ANALYSIS OF FED-BATCH ETHANOLIC FERMENTATION

In Section 7.1.2.2., the principle and applications of fed-batch fermentation tech­nologies for ethanol production were discussed. The operation of fermenters under fed-batch conditions is very difficult to model due to the fact that micro­bial cells grow under permanently changing conditions including volume changes explained by feeding of fresh medium into the bioreactor (Cardona and Sanchez, 2007). To tackle this problem, da Silva Henriques et al. (1999) developed a hybrid neural model for alcoholic fermentation by Z. mobilis in a fed-batch regime. The model uses all the information available about the process to deal with the dif­ficulties in its development and could be the basis for formulation of the optimal feed policy of the reactor.

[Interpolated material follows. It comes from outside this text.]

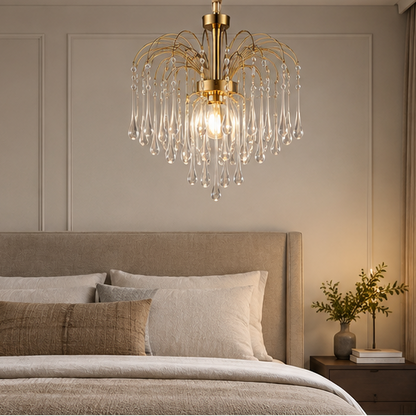 RoyaleGlow French Retro Water Drop Glass Chandelier - Brass Waterfall Crystal Hanging Light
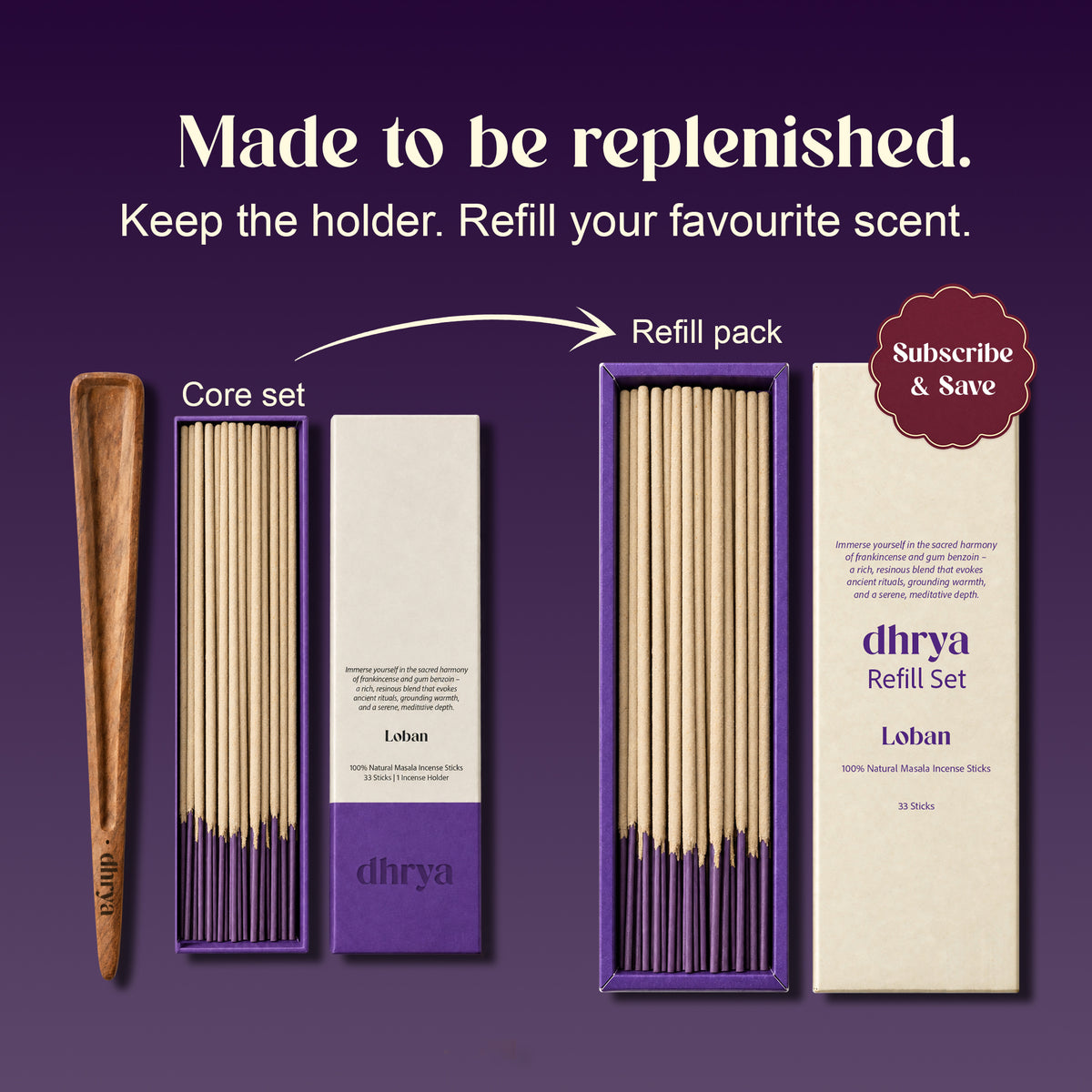 Made to be replenished: keep the rosewood holder and refill your favourite scent with the Loban refill pack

Precisely, the optimization of feeding policy plays a crucial role for increas­ing both productivity and ethanol yield of fed-batch fermentations. Kapadi and Gudi (2004) developed a methodology for determination of optimal feed rates of fresh culture medium during fed-batch fermentation using differential evolu­tion that resulted in a predicted augment of ethanol concentration at the end of each cultivation cycle. Wang and Jing (1998) developed a fuzzy-decision-mak — ing procedure to find the optimal feed policy of a fed-batch alcoholic fermenta­tion using recombinant yeasts able to assimilate glucose and xylose. The kinetic model involved expressions that take into account the loss of plasmids. To solve this problem, a hybrid differential evolution (HDE) method was utilized. The application of HDE has also been carried out in order to simultaneously deter­mine the optimal feed rate, fed glucose concentration, and fermentation time for the case of S. diastaticus during ethanol production. The optimal trade-off solution was found using a fuzzy goal attainment method that allowed obtain­ing a good agreement between experimental and computed results (Chen and Wang, 2003). HDE also has been used for estimation of kinetic parameters dur­ing batch culture of the mentioned yeast (Wang et al., 2001). Other strategies of optimization have demonstrated their usefulness for evaluation of hybrid con­figurations involving reaction-separation integration (Cardona and Sanchez, 2007). For instance, vacuum fermentation technology has been modeled, simu­lated, and optimized by means of factorial design and response surface analysis (da Silva et al., 1999).